### Information

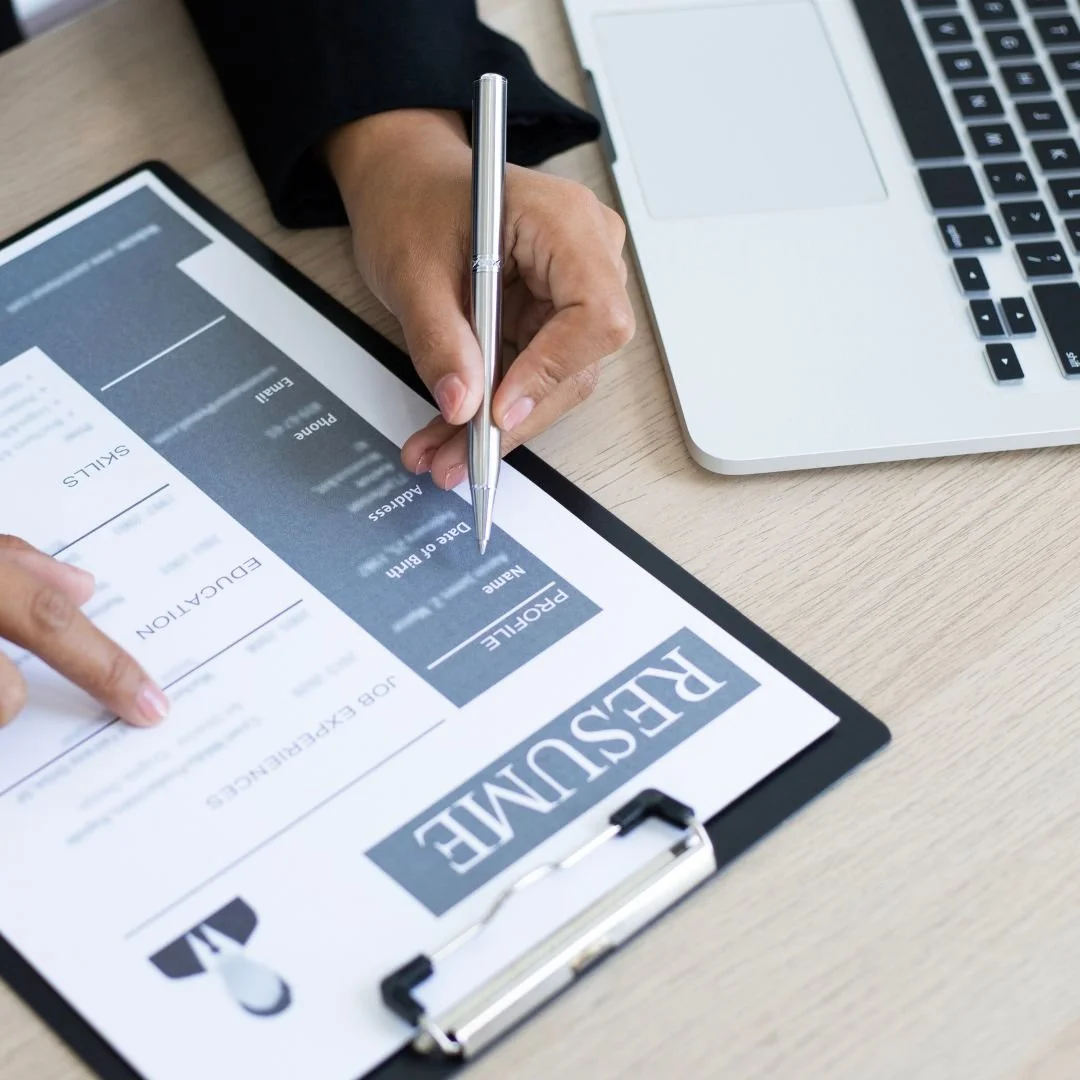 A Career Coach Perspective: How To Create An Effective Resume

* * *

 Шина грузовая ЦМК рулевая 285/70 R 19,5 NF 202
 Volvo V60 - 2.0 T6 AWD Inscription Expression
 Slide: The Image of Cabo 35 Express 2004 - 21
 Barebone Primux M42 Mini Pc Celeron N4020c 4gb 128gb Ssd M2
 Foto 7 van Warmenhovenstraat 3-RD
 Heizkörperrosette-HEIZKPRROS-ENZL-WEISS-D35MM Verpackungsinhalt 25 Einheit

### Work to be completed
Would you retype exactly the lines above, from the line with "Volvo V60 - 2.0" to the line with "Verpackungsinhalt 25 Einheit", with both end lines kept and nothing more?

### Your solution
 Volvo V60 - 2.0 T6 AWD Inscription Expression
 Slide: The Image of Cabo 35 Express 2004 - 21
 Barebone Primux M42 Mini Pc Celeron N4020c 4gb 128gb Ssd M2
 Foto 7 van Warmenhovenstraat 3-RD
 Heizkörperrosette-HEIZKPRROS-ENZL-WEISS-D35MM Verpackungsinhalt 25 Einheit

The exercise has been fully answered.